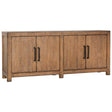 Merwin 4 Door Sideboard, Medium Brown by Dovetail at Eve Furniture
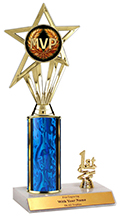 11" MVP Star Trim Trophy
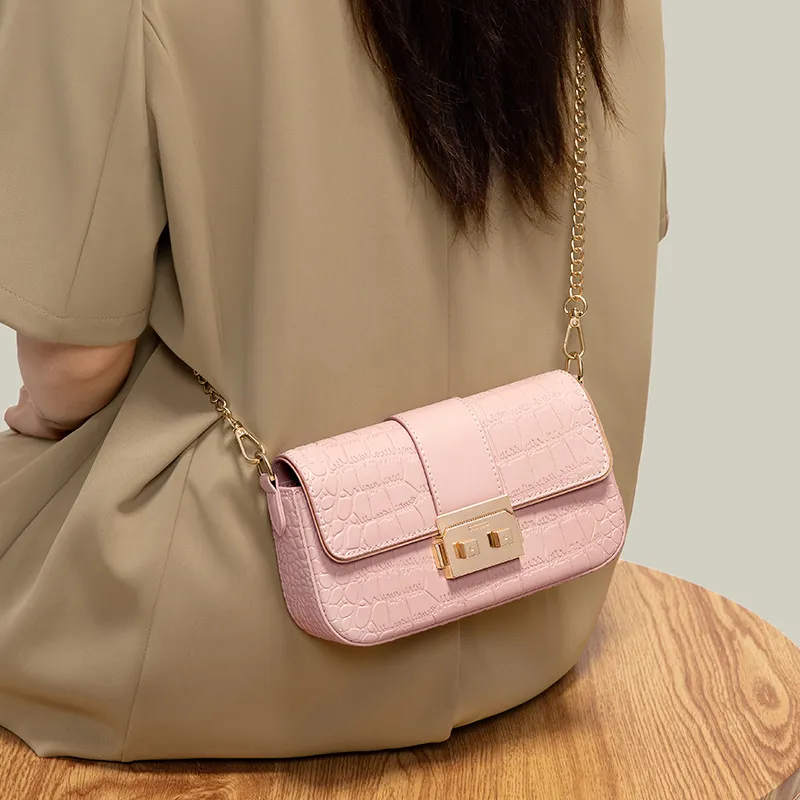 Simvay Clos Cow Leather With Synthetic Leather Shoulder Bag Small Square Bag Shoulder Bag Small Size Women's-11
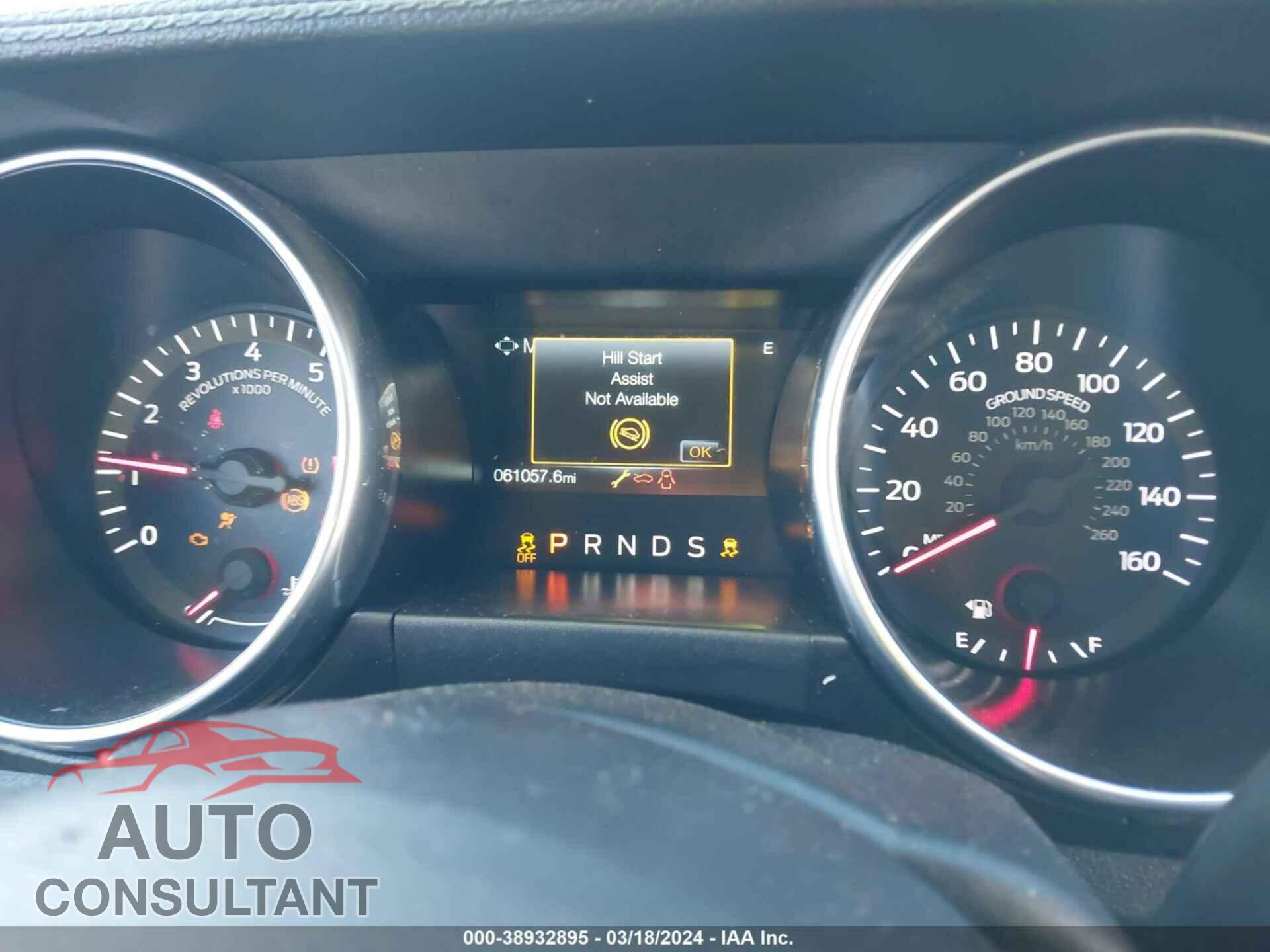 FORD MUSTANG 2018 - 1FA6P8TH2J5126344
++++++
Problem to work on: Could you repeat the listing above exactly, omitting its pictures?

Completed task:
 Merwin 4 Door Sideboard, Medium Brown by Dovetail at Eve Furniture
 11" MVP Star Trim Trophy
 Simvay Clos Cow Leather With Synthetic Leather Shoulder Bag Small Square Bag Shoulder Bag Small Size Women's-11
 FORD MUSTANG 2018 - 1FA6P8TH2J5126344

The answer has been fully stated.